In 1916 Jeanne published a series of narrative verse stories about early settlers in the Adirondacks entitled Neighbors of Yesterday. Her literary portrait of frontier life in the Adirondacks was compared to Willa Cather’s O Pioneer! about the Nebraska prairie and Sarah Orne Jewett’s The Country of Pointed Firs about the Maine seacoast. Recognized at one of country’s leading women poets, Jeanne was listed in the 1922-23 edition of Who’s Who in America.
Between 1918 and 1924 she helped John Quinn, a New York lawyer and art patron, collect a large amount of French contemporary art. During this period she travel extensively in Europe and met many of the prominent artists of the day, including Picasso, and many of the leading literary giants like James Joyce, Ezra Pound, and T. S. Elliot. For a year after Quinn’s death, Jeanne edited his vast collection of letters dealing with his art and manuscript collections.
From 1927 to 1932, Jeanne, who was in her mid-40s, traveled between New York and Schenectady, caring for family members. Her mother, father, brother and husband all died in the next few years. In 1932 Jeanne left New York City permanently, moving to Schenectady to begin her third career as a social worker. She served as a tenant-relations counselor for the Schenectady Housing Authority from 1938 until her retirement in 1955.

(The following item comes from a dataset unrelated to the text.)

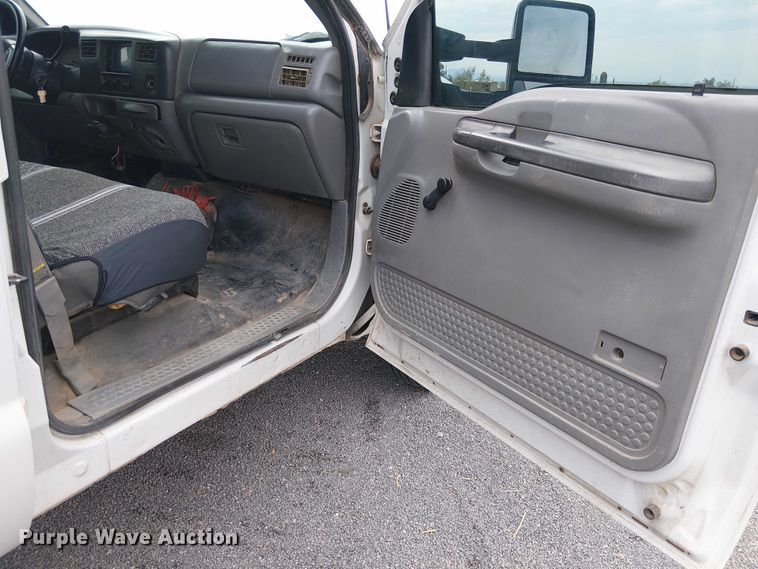 image for item EC1230 2003 Ford F450 flatbed truck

Remembering the isolated, difficult lives of elderly people in the Adirondacks, she successfully encouraged the city of Schenectady to build cheerful, appropriate housing for the elderly. It was the first low-income housing for the elderly built in the state. In 1959 she was elected the Schenectady Senior Citizen of the Year. In 1961 she received the city’s highest honor, the Schenectady Patroon Award.
Jeanne’s contributions to the folklore of the Adirondacks were revived in 1963 with the republication of Neighbors and Yesterday. Articles about her and favorable reviews of her work appeared, just as they had in 1916. It was recognized as an important piece of regional literature. Jeanne concentrated on finishing the second volume of her Adirondack poetry. In 1970, at the age of ninety-one and shortly before she died, Jeanne was granted an honorary doctorate from Union College in recognition of her contributions to one of the most exciting and innovative periods in art and literature.
Jeanne’s second book of Adirondack work was unfinished at her death; she willed her papers to a variety of individuals, including Tex and Ruth Riedinger, who received boxes of her Adirondack prose and poetry, scrapbooks, letters, photographs and artwork. Their daughter, Noel, looked through the material after her mother’s death in 1983.
Noel Riedinger-Johnson edited the remaining pieces into Adirondack Portraits - A Piece of Time by Jeanne Robert Foster (Syracuse University Press, 1986). The book is a snapshot of a vanished landscape. Jeanne Robert Foster’s descriptions of people and places from her Adirondack girlhood paint a word picture of an American wilderness. Recently the Grasse River Players brought selected pieces from the book to the stage in their Adirondack Sketches produced in Canton, New York.